Your assignment —
The answer should be the exact lines from the line containing "Magnetischer Auto-Handyhalter" through the last line of the material below, with no pictures.

Recorded information —
----------------

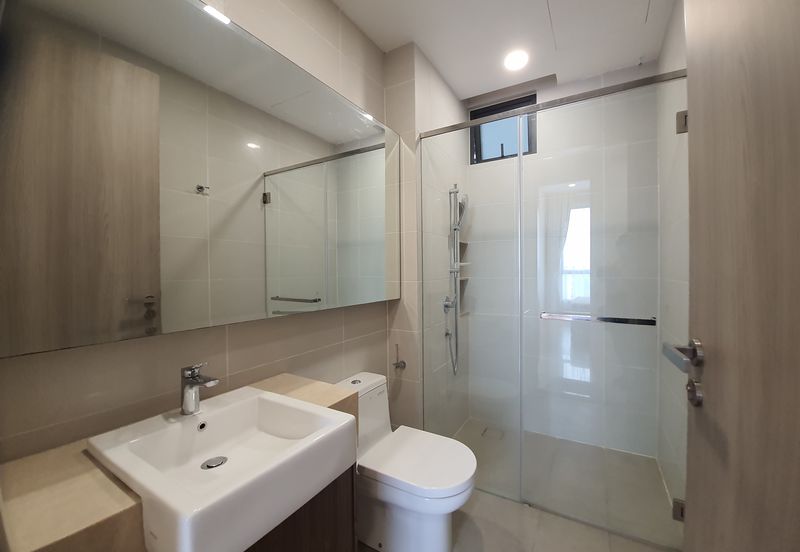 Nadi Bangsar Service Residence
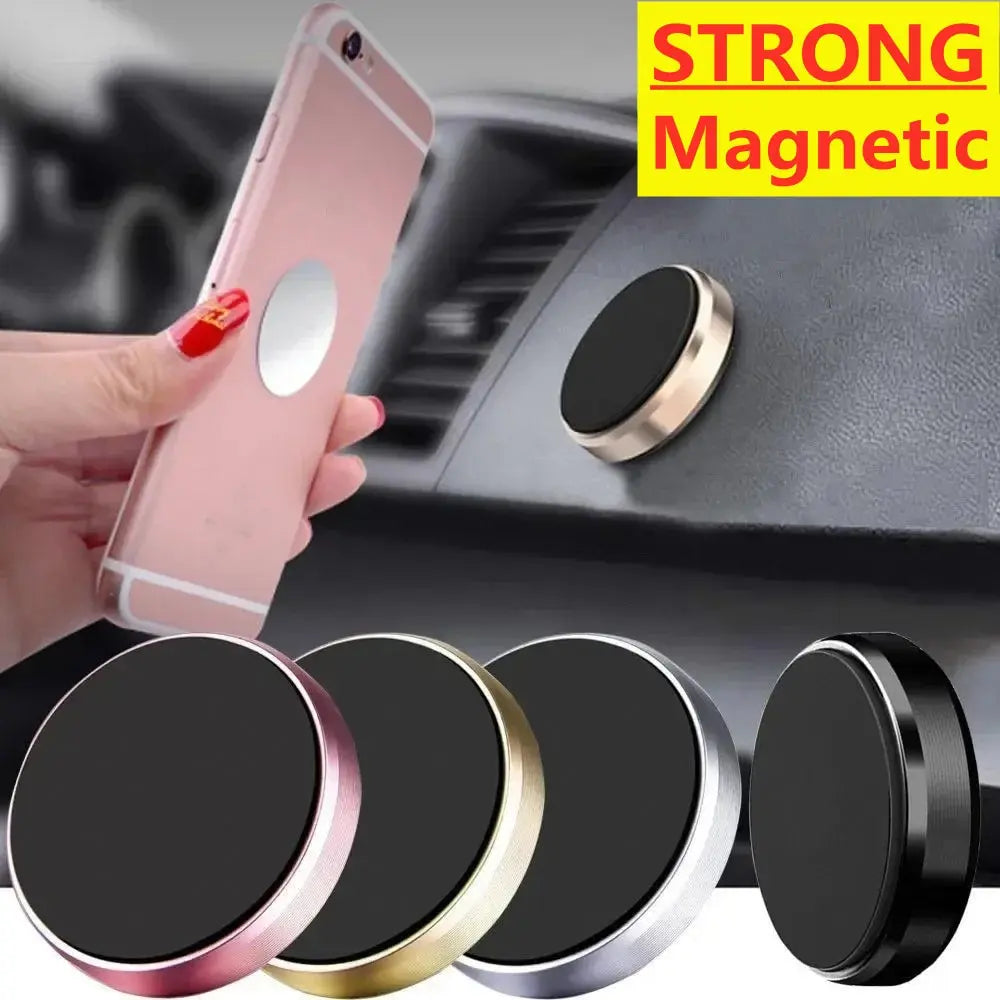 Magnetischer Auto-Handyhalter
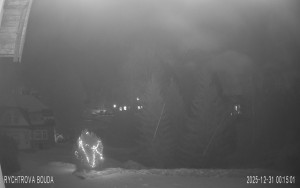 Obec Benecko - Rychtrovka - 31.12.2025 v 00:15 Obec Benecko - Rychtrovka - 31.12.2025 v 00:15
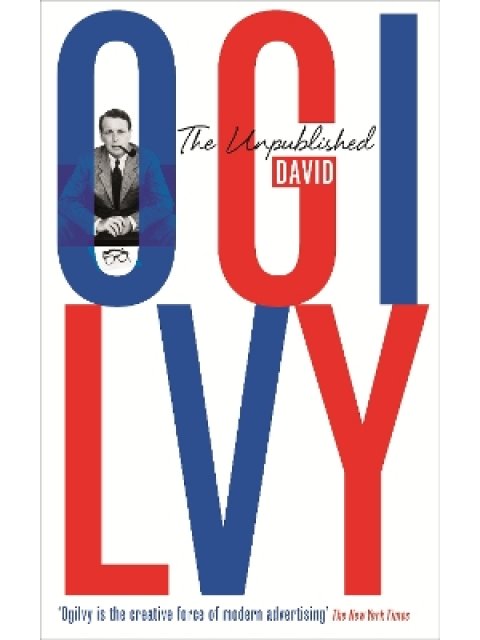 The Unpublished David Ogilvy TPB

----------------

Finished task —
 Magnetischer Auto-Handyhalter
 Obec Benecko - Rychtrovka - 31.12.2025 v 00:15 Obec Benecko - Rychtrovka - 31.12.2025 v 00:15
 The Unpublished David Ogilvy TPB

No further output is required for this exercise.